¿Habrá alguien a quien le interese auténticamente conversar? ¿Trenzar algo de ese intercambio sincero íntimo, ligero, que nos reúne en torno a la palabra? Porque la conversación, la verdadera, escasea o ha degenerado en monólogo, garrulería, batalla verbal o soporífero discurrir de anécdotas.
Según una vieja tradición, existen algunas reglas de una buena conversación. En primer lugar, no es conveniente hablar demasiado de sí mismo. En relación con ella, figura la prohibición del autoelogio, de contar los sueños o de hacer alarde de riqueza o posición social.
En segundo lugar, no hablar demasiado o, dicho positivamente, ser breve. Esta regla se vincula con la prohibición de monopolizar la conversación. “La conversación no es lo mismo que pronunciar arengas”.
En tercer lugar, respetar los turnos y no interrumpir a los otros. El recíproco intercambio de ideas es básico.
En cuarto lugar figura el principio cooperativo. Es esencial saber escuchar y no ser ofensivo ni contradecir brutalmente. Se admite, sin embargo, que una persona se incorpore a una conversación “con actitud de adversario” y sostenga un legítimo empeño por brillar con ímpetu. Pero sin exagerar. Todo hemos padecido alguna vez al “florero de mesa”.
En quinto lugar, la acomodación, esto es, la sensibilidad para la situación y la habilidad para adaptarse a distintos registros o estilos según la ocasión o la naturaleza de los participantes.
En sexto lugar, emplear un lenguaje llano, fácil, comprensible para todos. Esto excluye el lenguaje técnico, hablar a alguien en un idioma que no entiende o en claves que nadie más conoce. Mata la conversación la tendencia a ese lucimiento del hablar demasiado bien, el discurso elocuente y alambicado, el habla forzada o estudiada en extremo. Hay que evitar formas demasiado directas o impertinentes o excesivamente pedantes.
Es molesto, en séptimo lugar, el uso de un tono imperial, sentencioso, tribunicio.
La espontaneidad es el fuego de una buena conversación. Lo anterior excluye la formalidad excesiva o la afectación ensayada.

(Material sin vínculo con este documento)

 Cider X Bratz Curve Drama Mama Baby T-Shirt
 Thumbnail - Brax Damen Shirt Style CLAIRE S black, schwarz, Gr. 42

Al contrario, exige la habilidad para ser ingenioso y diestro en las réplicas rápidas y en el uso respetuoso de bromas y chistes, de la ironía, con mesura, para que la conversación no se deslice hacia la agresión.
Como se advierte de estas modestas recomendaciones es indispensable buscar siempre “la santa mediocridad”.
No me resisto a incluir un principio esencial: “Un silencio oportuno tiene más elocuencia que el discurso”.
En fin, como me apuntó un buen amigo alguna vez, una conversación se fragua con buenos conversadores y todo buen conversador debe ser capaz, en algún momento (no de modo permanente), de infringir estas reglas.